Reputation: 1072
I am scraping a website which has 2 versions at the moment, and when you visit the site you never know which one you are going to get. For this reason I have had to set up two separate files to scrape it.
For the sake of simplicity I have a master file which controls the running of the two files:
attempts = 0
while attempts < 10:
try:
try:
runfile('file1.py')
except SomeException:
runfile('file2.py')
break
except:
attempts += 1
So basically this keeps trying a maximum of 10 times until the correct version of the site meets the correct scraper file.
The problem with this is that the files launch a webdriver
every time, so I can end up with several empty browsers clogging up the machine. Is there any command which can just close all webdriver instances? I cannot use driver.quit()
because in the environment of this umbrella script, driver
is not a recognized variable.
I also cannot use driver.quit()
at the end of file1.py
or file2.py
because when file1.py
encounters an error, it ceases to run and so the driver.quit()

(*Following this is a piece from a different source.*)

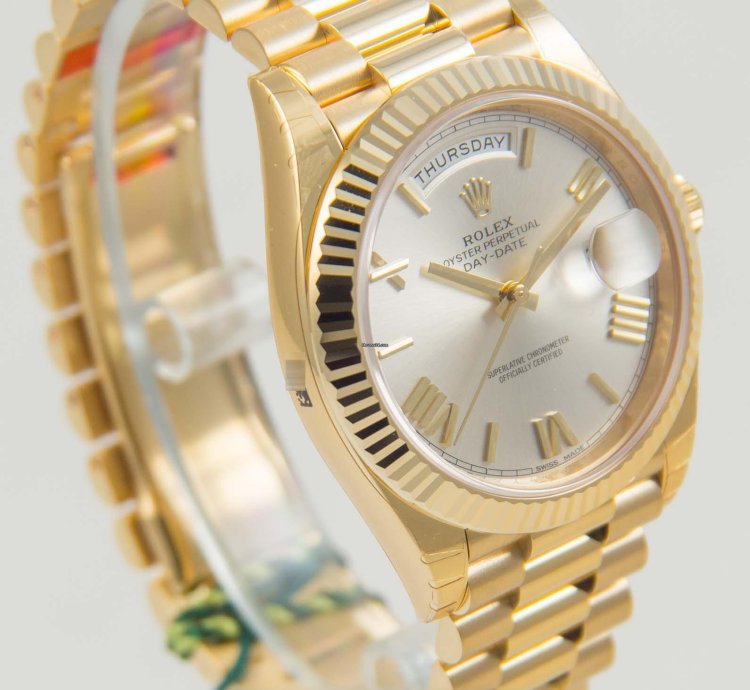 Rolex Day-date 40 Silver Roman Dial 18k Yellow Gold President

command will not be executed. I can't use a try / except
because then my master file won't understand that there was an error in file1.py
and thus won't run file2.py
.
Upvotes: 0
Views: 122
Reputation: 38922
Handle the exception in individual runners, close the driver and raise a common exception that you then handle in the caller.
In file1.py and file2.py
try:
# routine
except Exception as e:
driver.quit()
raise e
You can factor this out to the caller by initializing the driver in the caller, and passing the driver instance to functions instead of modules.
Upvotes: 1
Reputation: 308789
You can have a try..finally block in runfile
.
def runfile(filename):
driver = ...
try:
...
finally:
# close the webdriver
driver.quit()
Upvotes: 1